As discussed in section 3.4, a feature can be set when it is contrastive. Here, the presence feature is contrastive: if this particular presence feature were set to –presence instead, a different output would result. Positing a presence feature on input segments allows this general principle of feature setting to extend to the learning of presence vs. absence of segments.

5.3 Learning deletion and insertion

As discussed in section 3.4, an underlying feature that has been set can reveal evidence of neutralization if it surfaces unfaithfully in a different morphemic context. If an underlying segment has been set to +presence, then a context in which it is unfaithfully realized (does not surface) provides evidence of deletion. To neutralize a +presence segment is to delete it.

If an underlying segment has been set to –presence, then a context in which it is unfaithfully realized (has a possible output correspondent) provides evidence of insertion. While a bit counterintuitive, an output segment with a potential input correspondent set to –presence is the way that an inserted segment is represented in this system. In essence, it states that the output segment cannot have an input correspondent segment that is actually present in the underlying form, because if it were present, it would cause a different word containing that morpheme to surface with the wrong output.

Features set to +presence create the opportunity for observing deletion; features set to–presence create the opportunity for observing insertion.

5.3.1 Deletion

A segment can only be set to +presence in a context in which it has a realized output correspondent (and is contrastive in that context). If the same morpheme appears in a different context and that (+presence) segment does not have an output correspondent, then the learner has direct evidence of neutralization in the form of segment deletion. The learner can conclude that the segment in question has been deleted in the second context, because it knows that the segment actually is present underlyingly as a result of the first context. Identifying a concrete instance of deletion allows the learner to obtain ranking information that forces the learner’s ranking to delete the segment in the latter context, with the effect of also forcing deletion of analogous other segments in analogous other contexts.

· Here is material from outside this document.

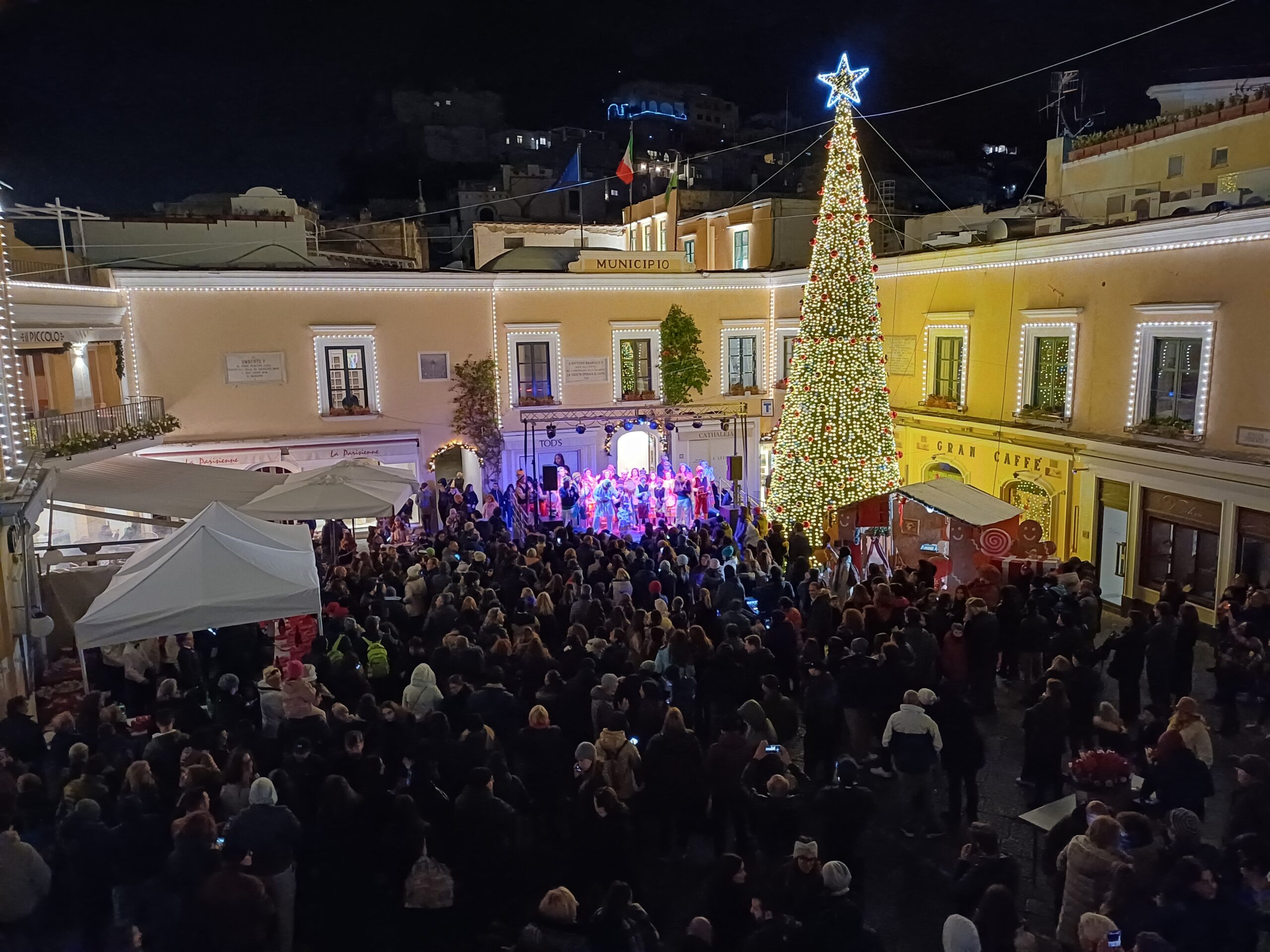 Accensione delle luminarie di Natale ed esibizione della “Bella Capri” (foto e video)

To foreshadow the illustration in section 8.2.4, suppose the learner has already set two presence features for morpheme r1, so that its underlying form is /(+,V)(+,C)/. The presence feature of the second segment, the C, was set on the basis of a word containing the morpheme r1 in which that segment was contrastively present in the output. However, the output of the word containing only the morpheme r1 is [V], and the corresponding candidate is /V₁C/ → [V₁]. This candidate is necessarily grammatical, and the underlying C is deleted. In this context, the C is neutralized; the same output would result whether or not this C was present in the input.

5.3.2 Insertion

A segment can only be set to –presence in a context in which it does not have an output correspondent (and is contrastive in that context). If the same morpheme appears in a different context and that (–presence) segment does have a potential output correspondent, then the learner has direct evidence of neutralization in the form of segment insertion. The learner can conclude that the segment in question has been inserted in the second context, because it knows that there is no input correspondent for the segment as a result of the first context. Identifying a concrete instance of insertion allows the learner to obtain ranking information that forces the learner’s ranking to insert the output segment in the latter context, with the effect of also forcing insertion of analogous other segments in analogous other contexts.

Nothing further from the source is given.